It's just not worth it to have a warm body who will soon quit or be fired. Understandably, your staff may be frustrated with your decision to hold off, but remind them that training and onboarding is time-consuming, so it's better to only do it once for the right person. So, take the time to understand the job and what a successful candidate needs, and then, you are ready to write your interview questions. In addition to the standard questions you can easily locate online, you should also include about five behavior-based interview questions. The question, how do you handle stress, is hypothetical and you will get a hypothetical answer.
Instead, try, tell me about a time you were under a lot of stress at work. What was the situation and how did you handle it? This question requires the candidate to offer up an example or story about a time they actually dealt with stress. And, of course, you will ask follow-up questions and probe to learn as much as you can. Work with the person who will supervise this position you are filling. Determine three to five absolute requirements a person needs to be successful, and then write your questions. Remember, they start with, "Tell me about a time..." Something else to figure out is the critical success factor.
This is the one trade or skill a person absolutely must have or the consequences for your company would be enormous. One of my clients had some file clerks whose job was to literally spend all day filing paperwork into client files. But client paperwork started to go missing. Clients were becoming angry that we'd lost their documents. This was not good. A few weeks after the mystery began, an employee opened a client's file and found a giant heap of other client's papers. In an effort to shorten the stack, one of the file clerks was simply putting handfuls of paperwork into random client folders.

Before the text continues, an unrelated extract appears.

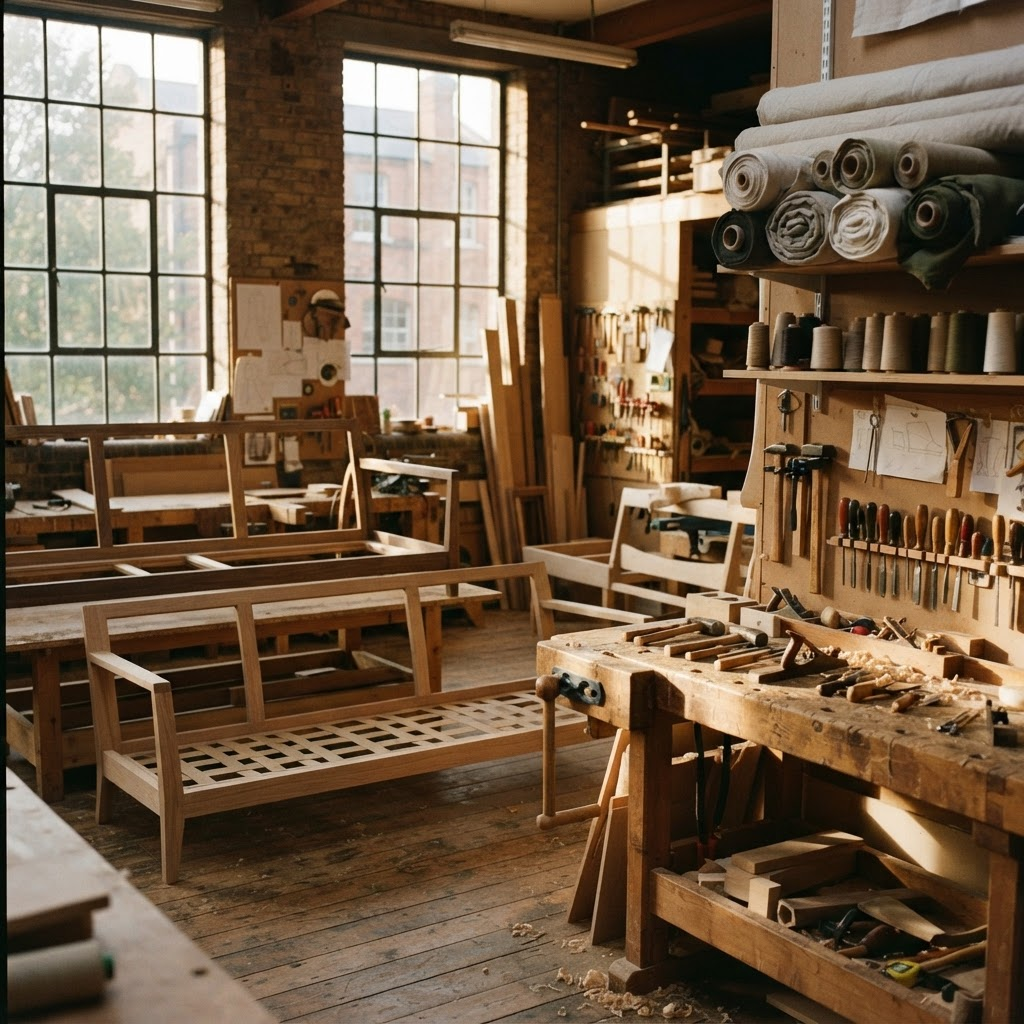 Interior del taller de Muebles Concordia con estructuras de sofá y rollos de lino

It was then that we realized the critical success factor for the file clerk was not the ability to file papers, it was patience. Without patience, customer service failed and we could lose clients. And now, we could ask about patience in interviews. Even better, we could ask about the critical success factor, patience, in this case, via a behavior-based interview question during the pre-screening phone interview. And we could quickly eliminate people who didn't have this trait. Use the phone interviews strategically.

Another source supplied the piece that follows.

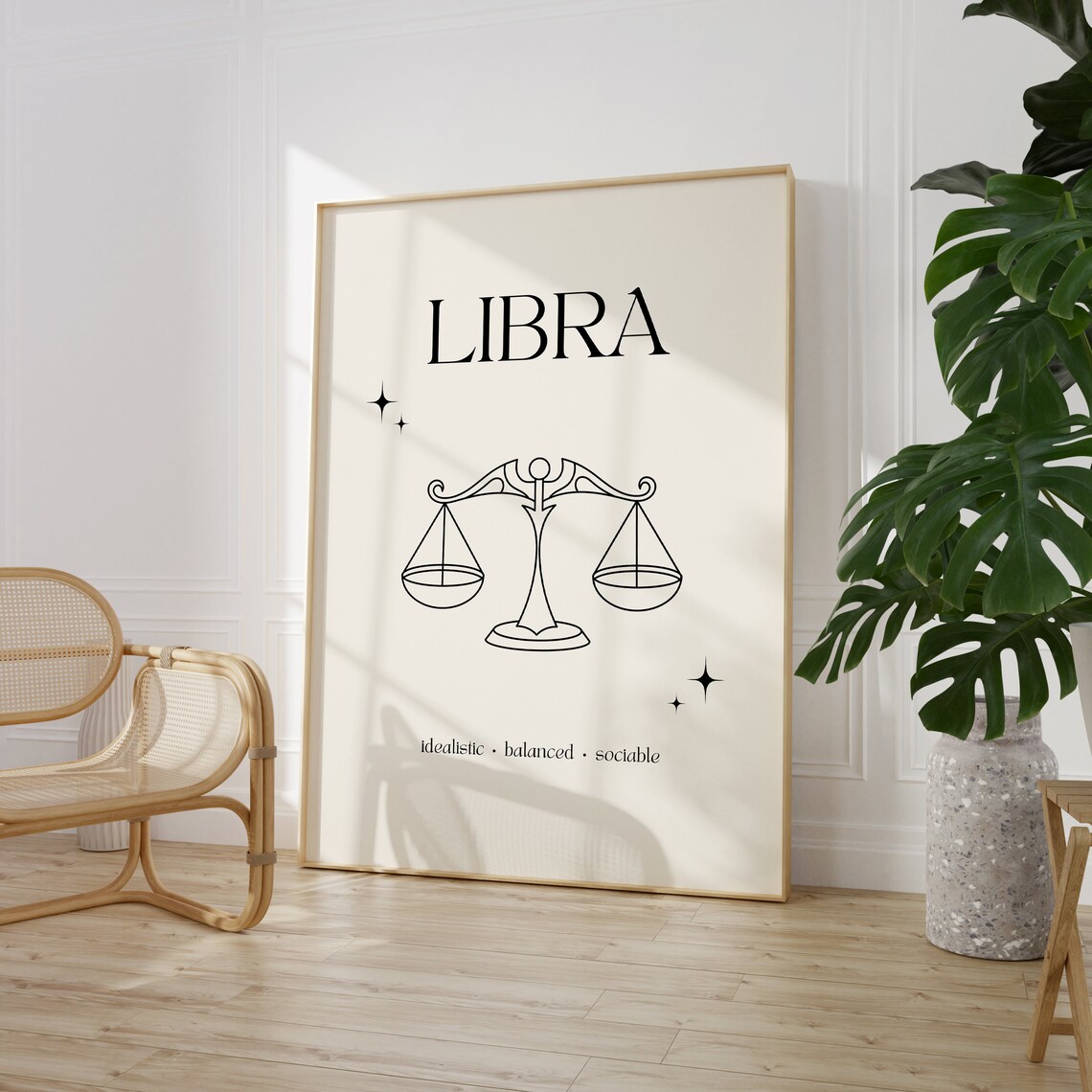 Libra Zodiac Sign Minimalist Scales Line Art Cream Star Poster - Image 4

Ask a few questions about their resume, find out how much they made at their last job, their salary requirements, and why they applied. Also, pay attention to things other than their answers. If you called them on their cell phone and caught them off guard, do they ask for a few moments to sit down and get out a pen and paper? Or do they try to wing it? Are they giving you their full attention, or are they distracted? If you get their voicemail, is it professional? As you're preparing to interview your candidates in person, decide the best format and be clear on your reasons for using that format.
If you're trying to hire several people for several open positions, perhaps a group interview is best. You might also use a panel interview if you need to hire quickly and would like to avoid having that person come back for second interviews with someone else. The key to successful panel interviews, or several interviewers interviewing one candidate, is that you get together before the interview to agree on who will ask which questions, and who will take the lead. You might also decide observing employees doing the work might be a part of your interview process, or going out into the field with your best salesperson, for example, might be useful.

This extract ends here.